Understanding how to stack firewood under the right conditions is important for helping the wood to dry out quickly and efficiently, and also for ensuring that it stays dry once the wood has been seasoned.
In order for wood to be useable as firewood it needs to be dry enough. The seasoning process can take many months or even years for the moisture content of the wood to be low enough, and the way in which the wood is stacked throughout this process plays an important role in how quickly the wood dries out.
The best way to stack firewood is on top of a dry platform or raised off the ground, with the cut ends of the logs facing outwards and open to the atmosphere, while ensuring that the logs aren’t packed together too tightly and have sufficient cover if the stack will be subject to rain or snow.

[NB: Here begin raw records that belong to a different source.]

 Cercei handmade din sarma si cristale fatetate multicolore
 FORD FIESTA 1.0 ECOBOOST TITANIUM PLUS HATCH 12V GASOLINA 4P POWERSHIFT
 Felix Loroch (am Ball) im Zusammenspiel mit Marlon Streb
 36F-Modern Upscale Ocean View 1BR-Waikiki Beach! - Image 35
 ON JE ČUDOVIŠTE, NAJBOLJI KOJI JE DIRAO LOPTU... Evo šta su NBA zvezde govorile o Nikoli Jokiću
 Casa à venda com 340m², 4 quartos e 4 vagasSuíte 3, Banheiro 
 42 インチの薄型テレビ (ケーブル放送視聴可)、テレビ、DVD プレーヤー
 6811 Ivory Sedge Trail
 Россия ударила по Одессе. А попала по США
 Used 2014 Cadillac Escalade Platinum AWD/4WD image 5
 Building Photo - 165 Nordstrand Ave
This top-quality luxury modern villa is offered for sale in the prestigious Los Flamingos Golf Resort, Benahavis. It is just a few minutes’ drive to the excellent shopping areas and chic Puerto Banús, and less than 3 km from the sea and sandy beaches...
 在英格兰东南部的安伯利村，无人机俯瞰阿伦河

We’ve put together this guide to explain in detail how you should be stacking your firewood at home, whether it’s to season the firewood or for storage, while also explaining how we stack our own firewood for both seasoning and storage.
This article discusses how to stack firewood outside for seasoning and storage.
If you’re looking for how to stack firewood in a fireplace you can find out how to in another one of our articles here.
How To Stack Firewood For Seasoning
When it comes to stacking firewood for seasoning or for storage the most important factor is doing it in such as way that allows to the wood to naturally dry out and naturally stay dry.
The important aspects when stacking firewood are that:
- The firewood should be kept away from any form of rain of moisture.
- Any moisture has the ability to leave the stack.
- Open to the atmosphere to allow the sun and wind to dry the wood out, and to keep it dry.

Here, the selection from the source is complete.